In the 2011–12 season, Connacht qualified for their first ever Heineken Cup. Ahead of Connacht's first season in the top tier of European rugby, the team signed another scrum-half, Paul O'Donohoe from Leinster. Murphy remained Connacht's first choice in the position, playing 20 games in the 2011–12 league, which had been renamed the Pro12. In the Heineken Cup, however, Murphy started only two of the side's six games, coming on as a replacement in a further two.

Ahead of the 2012–13 season Murphy suffered a cruciate ligament injury, which kept him out for most of the season. At the same time a hamstring injury sidelined O'Donohoe. In their absence, academy scrum-half Kieran Marmion excelled, and went on to start every game that season. Murphy mad only a single substitute appearance that season, coming in the 2012–13 Pro12.

Marmion continued as Connacht's first choice in the 2013–14 season, with Murphy and O'Donohoe mostly making appearances as replacements. On 27 December 2013 Murphy made his one hundredth appearance for Connacht, starting against his former team Munster in the Pro12, in a 22–16 defeat. In total, Murphy made seven appearances in the league for the season, six of these appearances coming from the bench.
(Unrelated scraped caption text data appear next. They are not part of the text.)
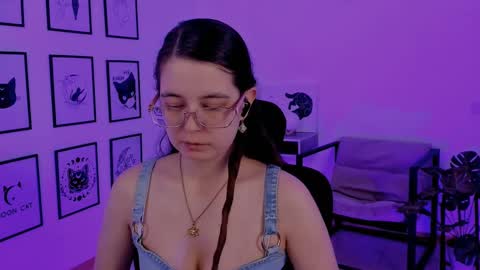 Bella. Ntmu online show from February 2025 07:49:01 PM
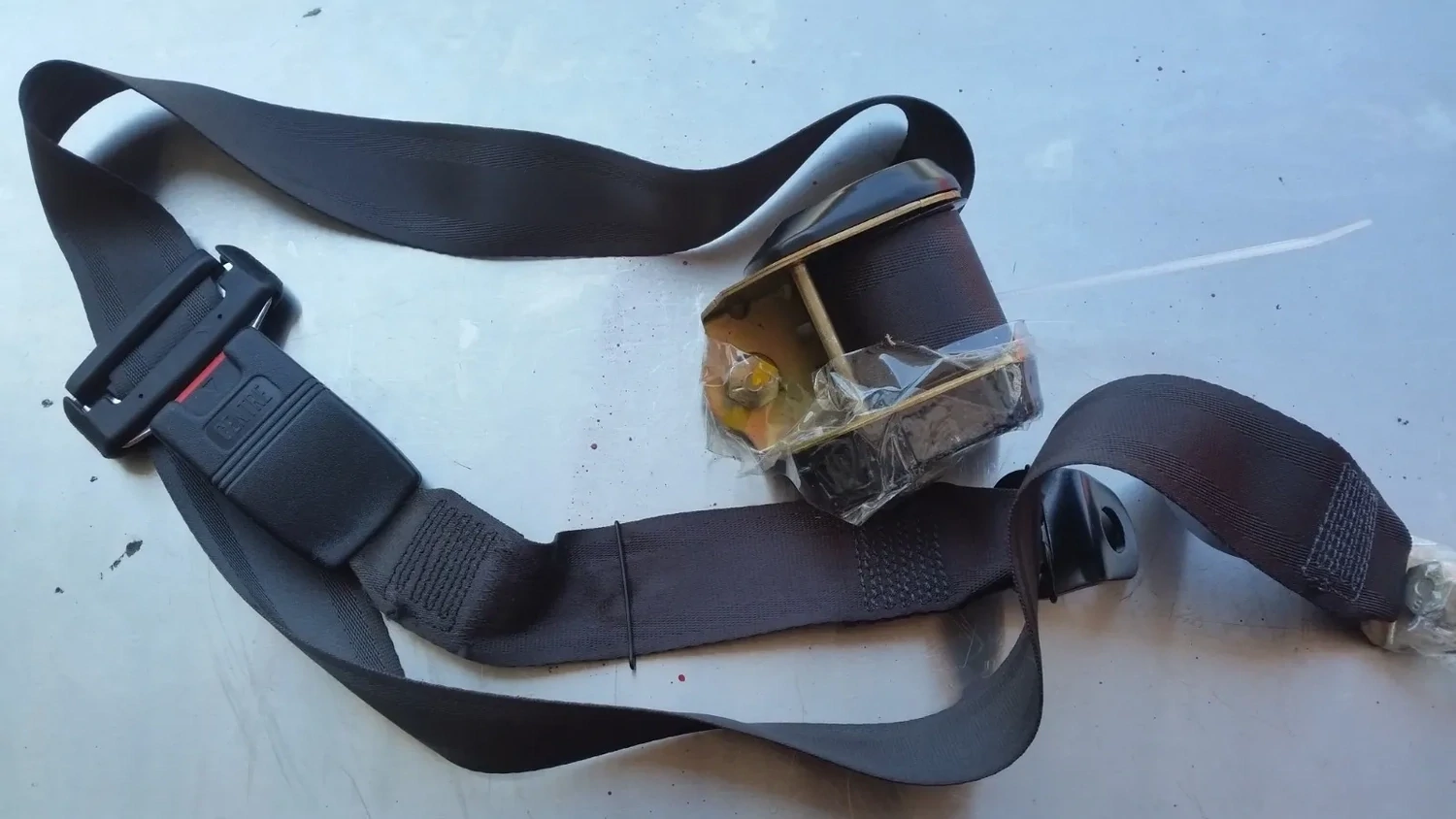 81 - 98 ROLLS ROYCE SILVER SPUR SPIRIT DAWN LEFT-RIGHT REAR SEAT BELT COMPLETE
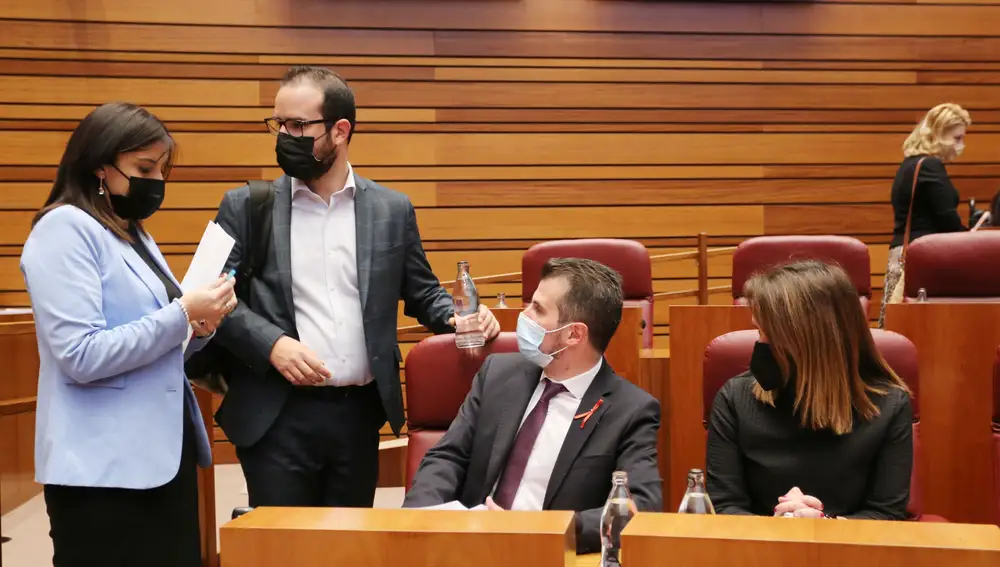 Tudanca conversa desde su escaño con los socialistas Ana Sánchez, Ángel Hernández y Patricia Gómez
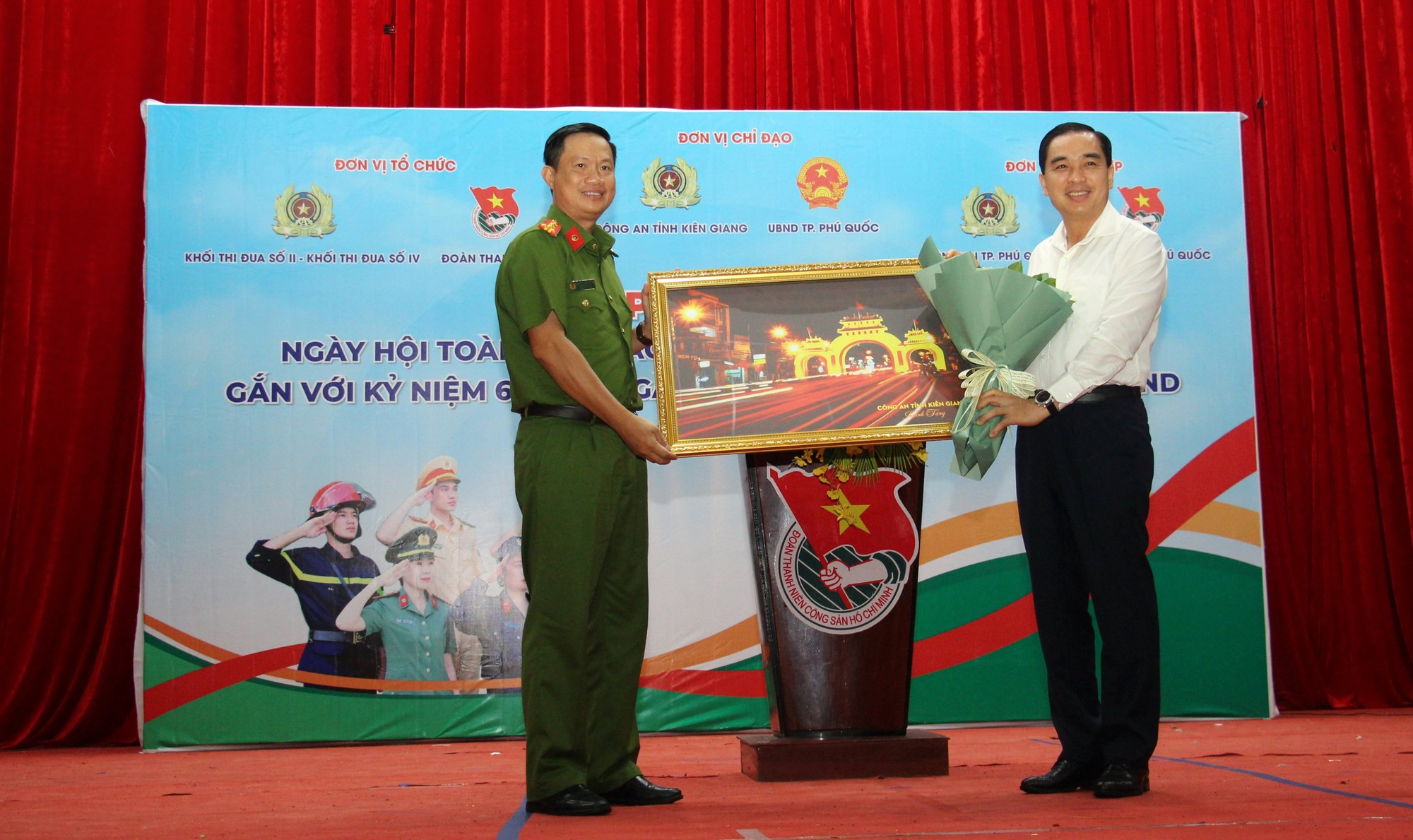 Công an tỉnh Kiên Giang tổ chức nhiều hoạt động tại Phú Quốc - Ảnh 8.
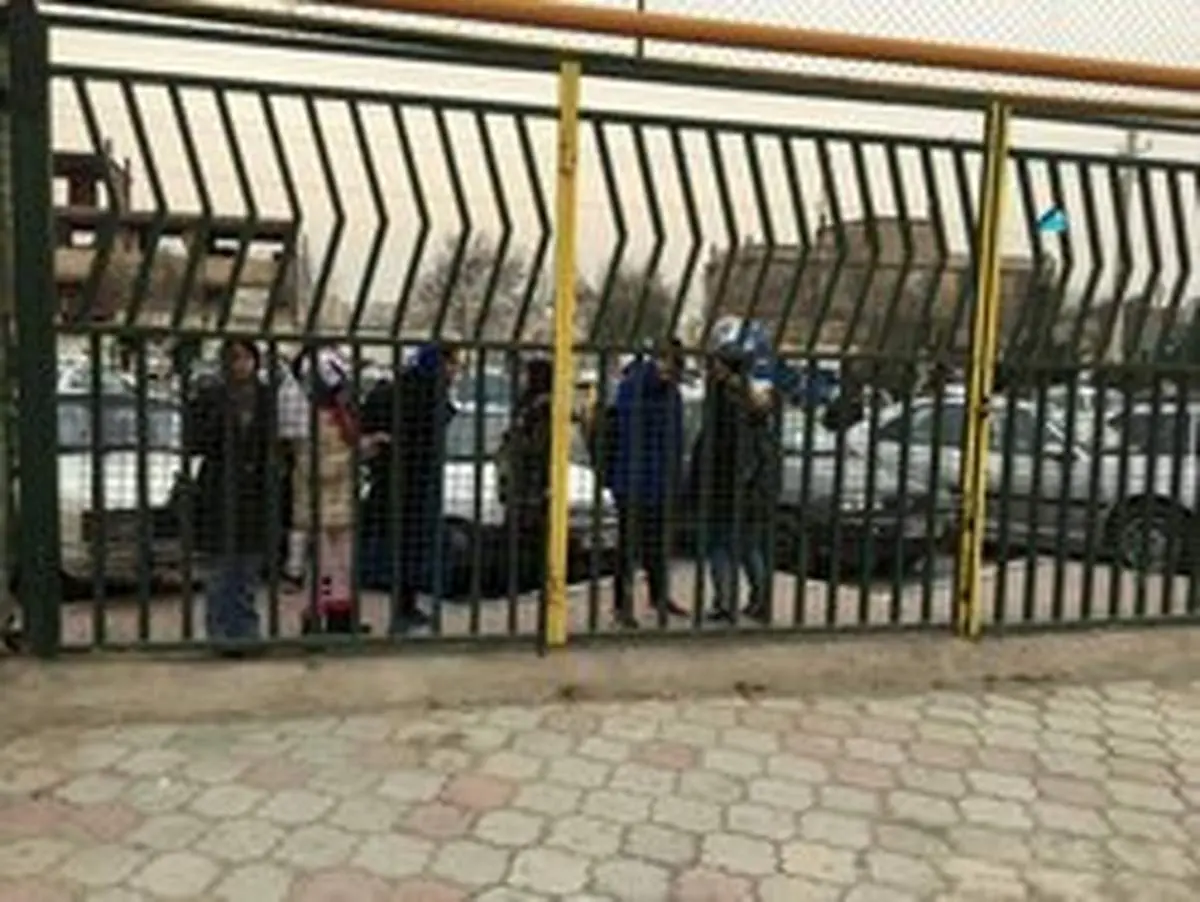 پرچم ژاپن در دست‌ هواداران استقلالی!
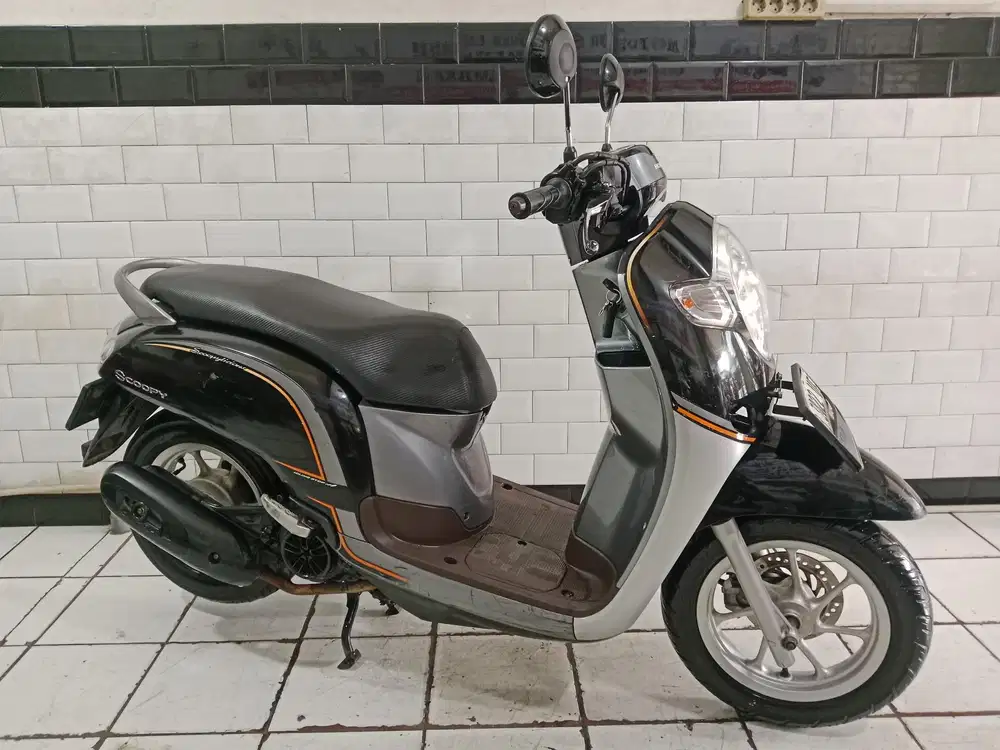 Honda scoopy donat tahun 2017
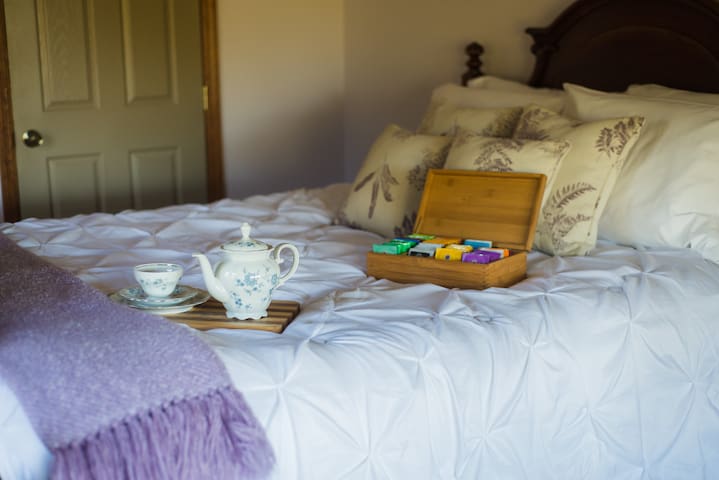 Esther's Room - Halcomb's Knob LLC
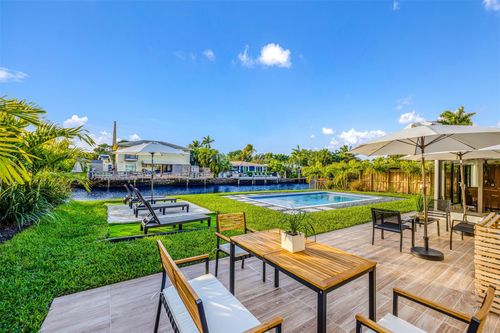 2925 Ne 1st Ave, Wilton Manors, FL, 33334-1006 | Card Image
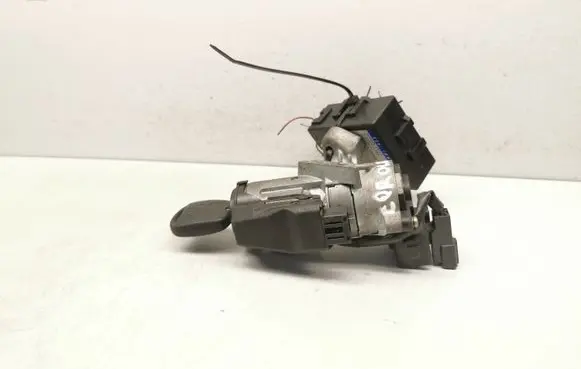 Toyota Corolla E120 E130 Ignition lock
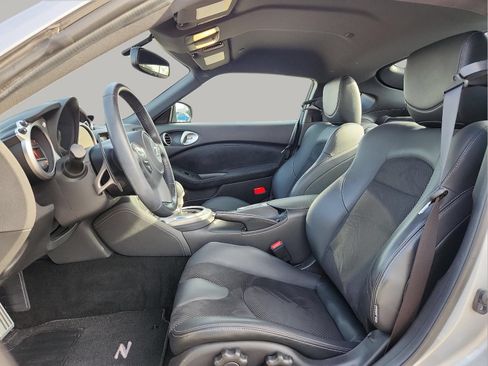 Used 2019 Nissan 370Z Touring Sport RWD image 9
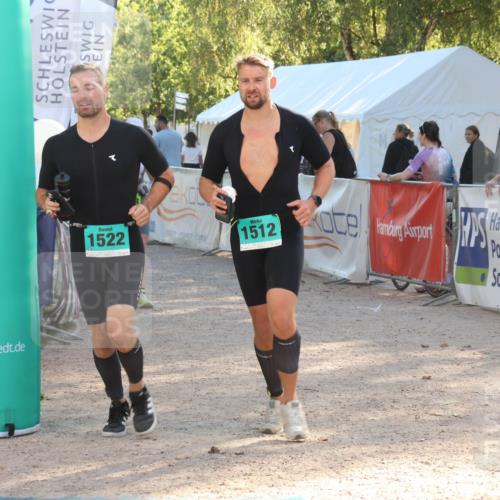 07.09.2025 - 19. Norderstedt Triathlon Luisa Fischer http://msf.ph/oto/8733713 07.09.2025 16:25:04 Ziel 550, 1508, 1512, 1522 meine-sportfotos.de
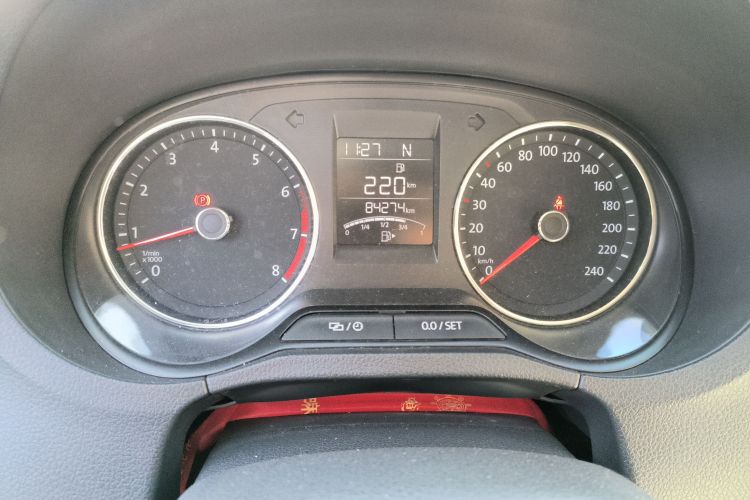 大众 Polo 2016款 1.6L 自动舒适型中控内饰15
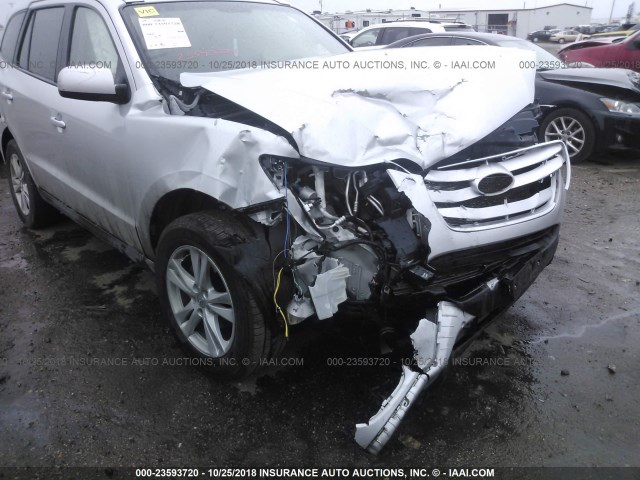 5XYZHDAG5BG012869 - 2011 HYUNDAI SANTA FE SE SILVER photo 6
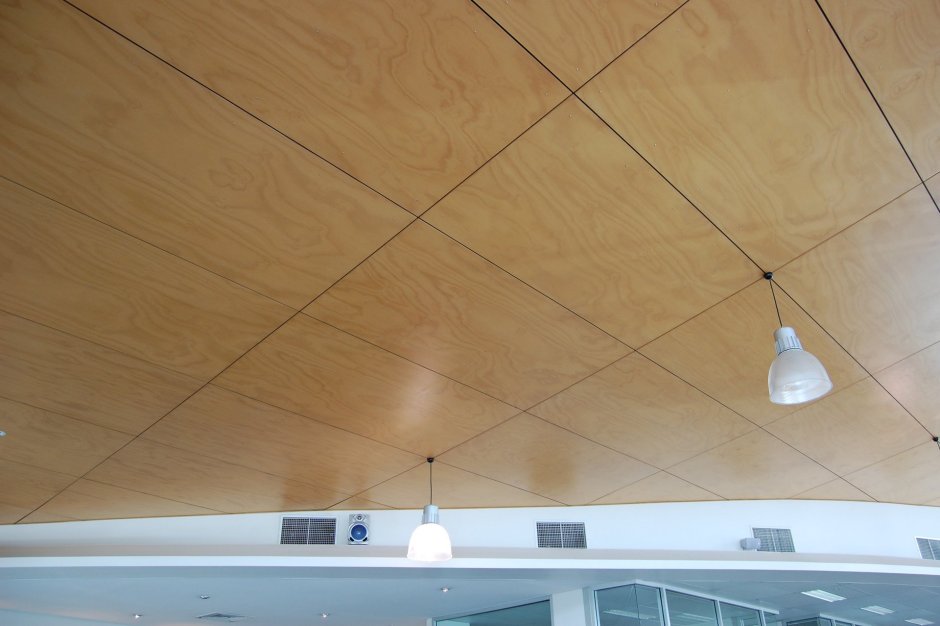 Потолочные панели из фанеры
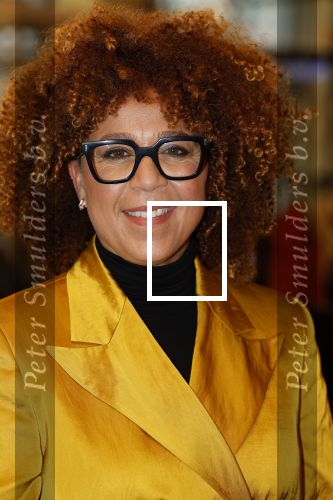 Den Haag 13 november 2023
In aanloop naar de Tweede Kamerverkiezingen organiseren de vrouwenbladen Libelle, Margriet, Flair en Nouveau gezamenlijk het VerkiezingscafÃ©. De vier hoofdredacteuren verwelkomen prominente vrouwen op de kieslijst van de grootste politieke partijen.
Op maandag 13 november 2023 gaan vooraanstaande vrouwelijke politici van verschillende partijen met elkaar in debat, onder leiding van journaliste Diana Matroos. Hoofdredacteuren Hilmar Mulder (Libelle), Helene van Santen (Margriet), Marije Veerman (Flair) en Claudia Straatmans (Nouveau) praten met hen over de belangrijkste themaâ€™s die hun lezeressen aangaan.
De volgende vrouwelijke politici schuiven aan om te vertellen waarvoor zij staan tijdens de Tweede Kamerverkiezingen: Sophie Hermans (VVD), Caroline van der Plas (BBB), Lisa Westerveld (GroenLinks/PvdA), Hilde Palland (CDA), JoÃ«lle Gooijer (ChristenUnie), Anne-Marijke Podt (D66) en Lilian Marijnissen (SP). Alles speelt zich af bij Dudok.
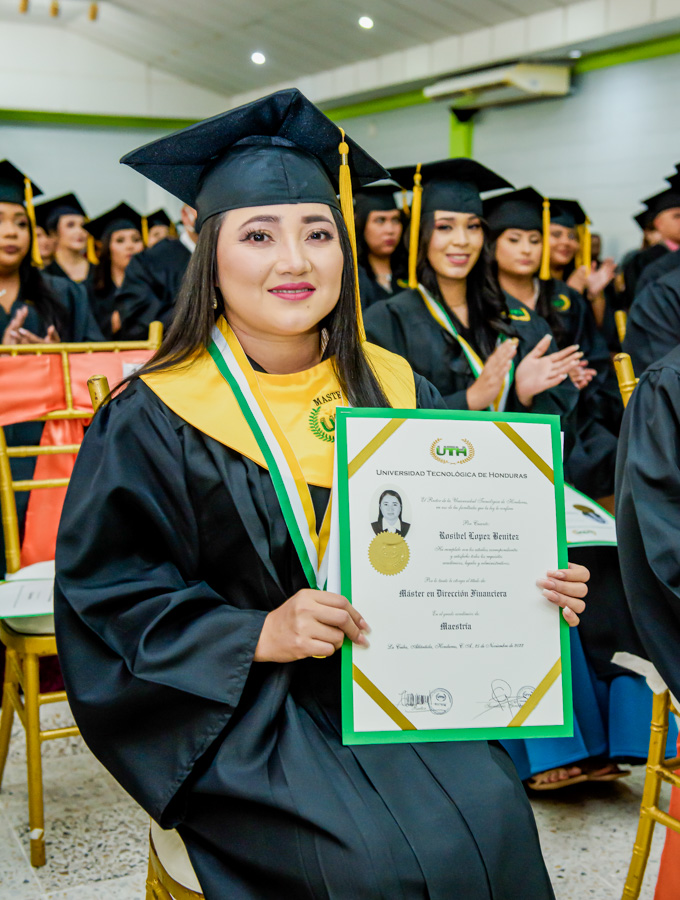 Treinta-graduacion-Universidad-Tecnologica-de-Honduras-La-Ceiba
In Europe, Murphy played in only one game during the season, coming off the bench in a famous victory over Toulouse in the 2013–14 Heineken Cup.

In April 2014, it was announced that Murphy's contract with Connacht was not being renewed and he would be leaving the province at the end of the season. He was one of a number of high-profile departures that included fellow centurion Gavin Duffy and former Scottish international fly-half Dan Parks. Murphy retired from professional rugby after leaving Connacht.

==Refereeing career==
Following his retirement from playing rugby, Murphy started to work as a referee in the sport as a way of staying in the game. Murphy progressed quickly through the IRFU's Inter Provincial Appointments System, and in February 2015 was added to the union's National Panel of Referees, officiating in All-Ireland League matches. He began refereeing in the semi-professional British and Irish Cup in the 2015–16 season. Murphy refereed his first international match in February 2016, when he took charge of a European Nations Cup game between and . On 27 November 2016, Murphy refereed his first Pro12 game, between Newport Gwent Dragons and Edinburgh.